Here is a chronological rundown of the program. Some of the films I’ve seen, some not.

The festival opens at 7 p.m. Thursday, June 1st, with “The Freshman,” Harold Lloyd’s biggest hit, directed by Fred C. Newmeyer and Sam Taylor. (Don’t confuse it with a 1990 film of the same name, starring Marlon Brando and Matthew Broderick.) College has changed a bit since 1925, but freshman still feel disoriented and eager to find a place in the crowd. Harold Lamb (Harold Lloyd) makes it on to the football team; there’s a scene filmed at Cal’s Memorial Stadium. Like all of the festival’s films, “The Freshman” is accompanied by live music. “The Freshman” is followed by the opening night party (see below).

Friday June 2nd starts off at 10 a.m. with a free program of “Amazing Tales from the Archives,” dealing with some of the miracles of film preservations.

At 2, Roaring Twenties icon Clara Bow and Charles “Buddy” Rogers star in “Get Your Man,” directed by San Francisco-born Dorothy Arzner, who went on to direct films into the 1940s.
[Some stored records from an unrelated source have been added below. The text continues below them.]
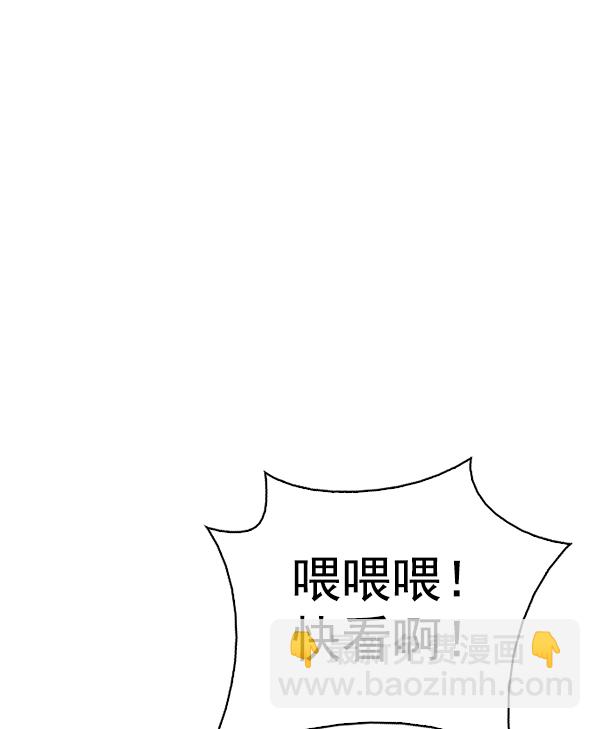 [第383话] 在彩虹下唱歌（3）131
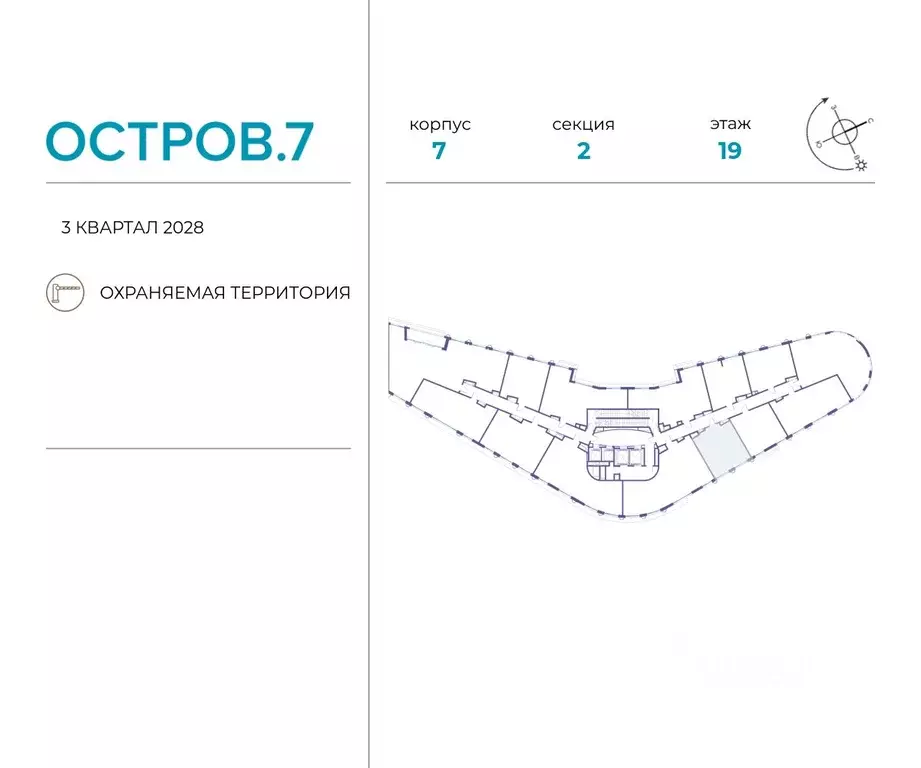 1-к кв. Москва Жилой комплекс остров, 10-й кв-л,  (50.0 м) - Фото 1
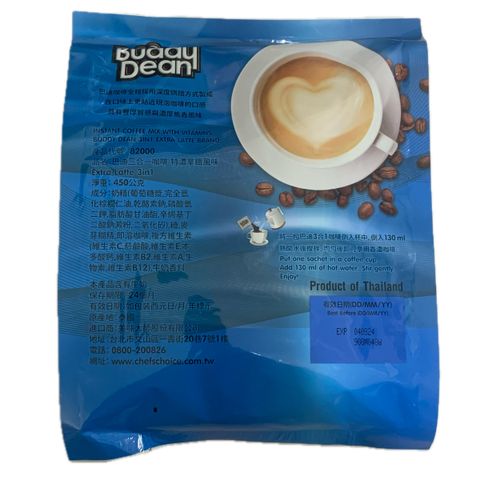 C0276_巴迪-3合1咖啡特濃拿鐵25包_成分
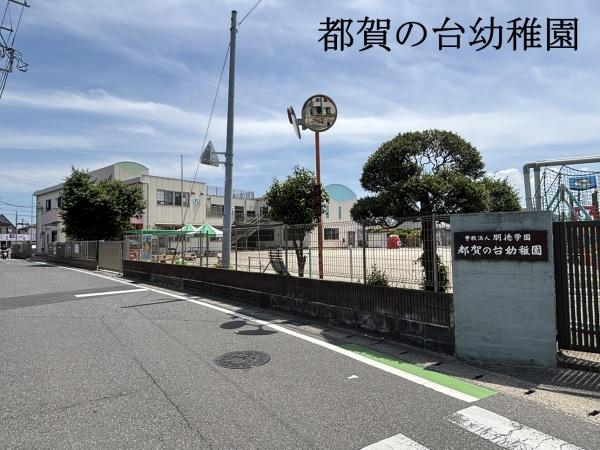 千葉市若葉区西都賀５丁目の土地(都賀の台幼稚園)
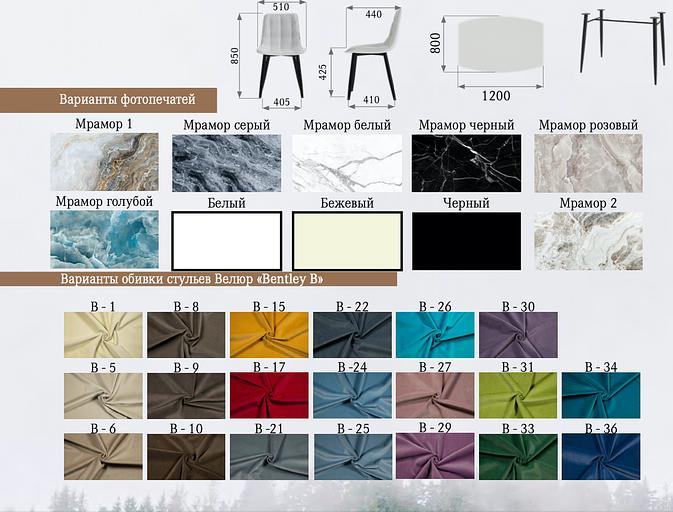 Стул «Бостон» ОПТ фото 9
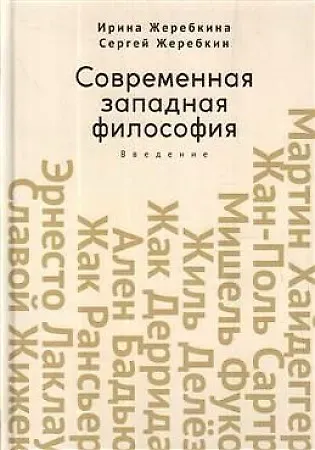 Ирина Анатольевна Жеребкина, Сергей Васильевич Жеребкин Современная западная философия. Введение. Учебное пособие для студентов и аспирантов негуманитарных факультетов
In “Get Your Man,” the delightfully ditzy Bow falls in love with a Parisian aristocrat. Nothing deep here, but lots of charm. The film was restored from numerous fragments. A propos fragments, “Get Your Man” is accompanied by a partial restoration of a supposedly lost Wallace Beery/Louise Brooks film, “Now We’re in the Air!” Brooks’ films (e.g. “Pandora’s Box”) are so few that this fragment should be worth watching.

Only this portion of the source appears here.